Salellas destacó que en Girona, la CUP pasó del 1% de los votos hace veinte años al 23% obtenido en las últimas elecciones municipales. “El proyecto de unidad popular ha crecido tanto en las calles como en las instituciones. No debemos renunciar a nada, ni a las calles ni a las instituciones, porque nuestro objetivo es la independencia y el socialismo. Intentemos no dejar a nadie atrás”, enfatizó Salellas, quien firmó un manifiesto en noviembre junto a más de cien militantes a favor de una refundación necesaria de la CUP con la ambición de ser una fuerza mayoritaria y de conquista de poder, con voluntad de incidencia y de gobernar siempre que sea posible.

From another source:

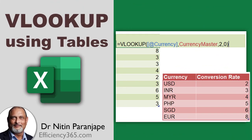We will see how to use VLOOKUP with tables. It's better than using it without tables. Why? Let's see.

El debate se centró en la movilización, en el papel de la política institucional y en la estrategia futura. Varios diputados y exdiputados participaron en el foro. Bajo el lema “Procés de Garbí”, un grupo promotor elaboró un documento base que analiza los aciertos y errores de la CUP, cuestionando todas las facetas excepto sus cuatro principios: independencia, socialismo, ecología y feminismo. El texto señala que la falta de honestidad en la interpretación del ciclo del 1-O les ha hecho perder apoyos y simpatías.
“Es un punto de partida para tener una CUP fuerte nuevamente, con una propuesta estratégica clara y movilizadora”, afirmó Maria Gordillo, portavoz del grupo promotor. Non Casadevall, otro portavoz, añadió que el proceso no solo se abre por los resultados electorales, sino porque se han bloqueado y cerrado desde arriba todas las propuestas que buscan reformar el Régimen del 78. “Hemos venido a reintroducir el conflicto, porque existe una alternativa para aquellos que no quieren que nada cambie”. “No retrocedemos ni un milímetro ante los proyectos del Hard Rock y el Cuarto Cinturón”, destacó Laure Vega, portavoz del secretariado nacional.
El Congreso no fue el típico congreso de los partidos, ya que solo se debatió y no se votó nada, y los debates fueron muy tranquilos, sin grandes discrepancias entre los participantes. Sin embargo, los anticapitalistas buscan orientar la estrategia y la organización de cara a los próximos años, analizando la coyuntura política y haciendo un balance autocrítico de su trayectoria política desde su fundación hasta ahora. Algunas fuentes sostienen que este congreso es otro intento de la CUP para ampliar su espectro y decidir si apuesta por influir en la gobernabilidad.
Los miembros de la CUP siguen preguntándose cómo compatibilizar el trabajo institucional en parlamentos y ayuntamientos con las luchas sociales en las calles. El debate del sábado se trasladará a las asambleas territoriales de la CUP en el primer trimestre de 2024. El objetivo de los promotores es establecer unas bases ideológicas y organizativas actualizadas y adaptadas a una realidad que ya no es la de 2017, cuando los partidos soberanistas creían que la independencia de Cataluña estaba cerca.